- **SOURCE MATERIAL**:
-=-=-
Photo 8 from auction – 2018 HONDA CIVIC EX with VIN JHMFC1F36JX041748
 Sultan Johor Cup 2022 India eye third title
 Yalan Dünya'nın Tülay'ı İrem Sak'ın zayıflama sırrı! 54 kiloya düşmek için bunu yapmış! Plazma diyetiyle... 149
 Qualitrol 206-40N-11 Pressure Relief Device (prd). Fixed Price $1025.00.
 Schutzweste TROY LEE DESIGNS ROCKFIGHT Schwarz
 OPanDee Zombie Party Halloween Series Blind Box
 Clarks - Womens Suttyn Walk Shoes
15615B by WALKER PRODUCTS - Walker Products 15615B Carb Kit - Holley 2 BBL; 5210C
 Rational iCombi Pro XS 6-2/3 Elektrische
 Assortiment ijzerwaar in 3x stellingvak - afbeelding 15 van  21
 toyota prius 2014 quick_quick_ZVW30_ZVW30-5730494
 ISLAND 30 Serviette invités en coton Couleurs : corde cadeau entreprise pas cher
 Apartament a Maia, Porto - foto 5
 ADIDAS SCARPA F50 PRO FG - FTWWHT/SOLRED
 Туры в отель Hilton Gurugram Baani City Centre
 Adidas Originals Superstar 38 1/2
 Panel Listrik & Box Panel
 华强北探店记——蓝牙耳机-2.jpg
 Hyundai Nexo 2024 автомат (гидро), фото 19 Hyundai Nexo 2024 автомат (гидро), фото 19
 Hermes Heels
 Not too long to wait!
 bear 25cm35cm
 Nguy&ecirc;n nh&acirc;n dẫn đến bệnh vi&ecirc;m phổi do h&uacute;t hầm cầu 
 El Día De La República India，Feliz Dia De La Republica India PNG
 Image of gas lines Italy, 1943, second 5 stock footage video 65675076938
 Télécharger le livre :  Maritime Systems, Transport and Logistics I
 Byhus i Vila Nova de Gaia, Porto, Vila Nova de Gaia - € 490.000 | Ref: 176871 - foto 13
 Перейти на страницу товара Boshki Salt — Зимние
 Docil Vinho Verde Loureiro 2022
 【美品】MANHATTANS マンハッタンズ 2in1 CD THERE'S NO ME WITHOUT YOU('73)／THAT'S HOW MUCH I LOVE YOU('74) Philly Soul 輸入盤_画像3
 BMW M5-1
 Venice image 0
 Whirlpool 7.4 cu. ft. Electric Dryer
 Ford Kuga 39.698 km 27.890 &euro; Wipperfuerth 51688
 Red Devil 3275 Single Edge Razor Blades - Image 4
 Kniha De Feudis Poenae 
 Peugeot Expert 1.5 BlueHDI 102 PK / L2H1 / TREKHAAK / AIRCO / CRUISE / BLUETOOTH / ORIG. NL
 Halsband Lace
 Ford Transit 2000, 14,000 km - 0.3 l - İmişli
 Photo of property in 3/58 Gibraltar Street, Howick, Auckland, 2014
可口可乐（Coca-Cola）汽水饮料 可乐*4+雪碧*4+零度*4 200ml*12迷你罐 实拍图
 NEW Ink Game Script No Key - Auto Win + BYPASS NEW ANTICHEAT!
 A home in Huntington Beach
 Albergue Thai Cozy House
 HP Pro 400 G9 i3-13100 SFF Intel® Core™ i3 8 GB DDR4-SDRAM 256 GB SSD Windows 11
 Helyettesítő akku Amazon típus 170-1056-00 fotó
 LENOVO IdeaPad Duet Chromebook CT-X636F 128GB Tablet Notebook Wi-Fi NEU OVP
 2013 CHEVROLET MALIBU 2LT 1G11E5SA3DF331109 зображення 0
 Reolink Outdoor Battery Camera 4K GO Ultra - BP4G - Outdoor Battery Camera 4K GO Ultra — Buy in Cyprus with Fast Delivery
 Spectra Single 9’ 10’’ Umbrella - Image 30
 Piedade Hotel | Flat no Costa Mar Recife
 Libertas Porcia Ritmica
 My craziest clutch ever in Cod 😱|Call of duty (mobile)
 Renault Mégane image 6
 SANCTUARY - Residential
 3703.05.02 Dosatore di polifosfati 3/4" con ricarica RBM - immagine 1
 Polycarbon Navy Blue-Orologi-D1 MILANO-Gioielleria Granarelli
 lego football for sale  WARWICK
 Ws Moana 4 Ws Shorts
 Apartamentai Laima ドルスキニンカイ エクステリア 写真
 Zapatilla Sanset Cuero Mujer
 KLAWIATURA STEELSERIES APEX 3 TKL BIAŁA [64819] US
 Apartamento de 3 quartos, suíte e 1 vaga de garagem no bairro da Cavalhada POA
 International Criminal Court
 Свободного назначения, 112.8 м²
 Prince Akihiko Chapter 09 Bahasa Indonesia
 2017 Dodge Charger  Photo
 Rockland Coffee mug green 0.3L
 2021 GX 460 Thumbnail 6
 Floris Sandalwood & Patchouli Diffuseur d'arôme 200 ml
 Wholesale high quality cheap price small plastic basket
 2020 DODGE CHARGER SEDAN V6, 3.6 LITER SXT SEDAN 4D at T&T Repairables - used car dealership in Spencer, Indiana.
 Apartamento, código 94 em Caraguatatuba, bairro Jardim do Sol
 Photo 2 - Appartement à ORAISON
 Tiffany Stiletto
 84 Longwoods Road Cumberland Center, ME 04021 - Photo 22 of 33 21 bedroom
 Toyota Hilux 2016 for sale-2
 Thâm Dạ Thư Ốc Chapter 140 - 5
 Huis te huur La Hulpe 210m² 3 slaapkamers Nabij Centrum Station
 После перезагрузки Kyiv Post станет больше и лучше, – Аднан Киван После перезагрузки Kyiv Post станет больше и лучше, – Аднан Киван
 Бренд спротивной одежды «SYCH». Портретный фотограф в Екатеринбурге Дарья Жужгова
-=-=-
The answer should contain nothing except the lines from the one with "Tiffany Stiletto" to the end of the material above, each given again exactly.

- **SOLUTION TO THE PROBLEM**:
 Tiffany Stiletto
 84 Longwoods Road Cumberland Center, ME 04021 - Photo 22 of 33 21 bedroom
 Toyota Hilux 2016 for sale-2
 Thâm Dạ Thư Ốc Chapter 140 - 5
 Huis te huur La Hulpe 210m² 3 slaapkamers Nabij Centrum Station
 После перезагрузки Kyiv Post станет больше и лучше, – Аднан Киван После перезагрузки Kyiv Post станет больше и лучше, – Аднан Киван
 Бренд спротивной одежды «SYCH». Портретный фотограф в Екатеринбурге Дарья Жужгова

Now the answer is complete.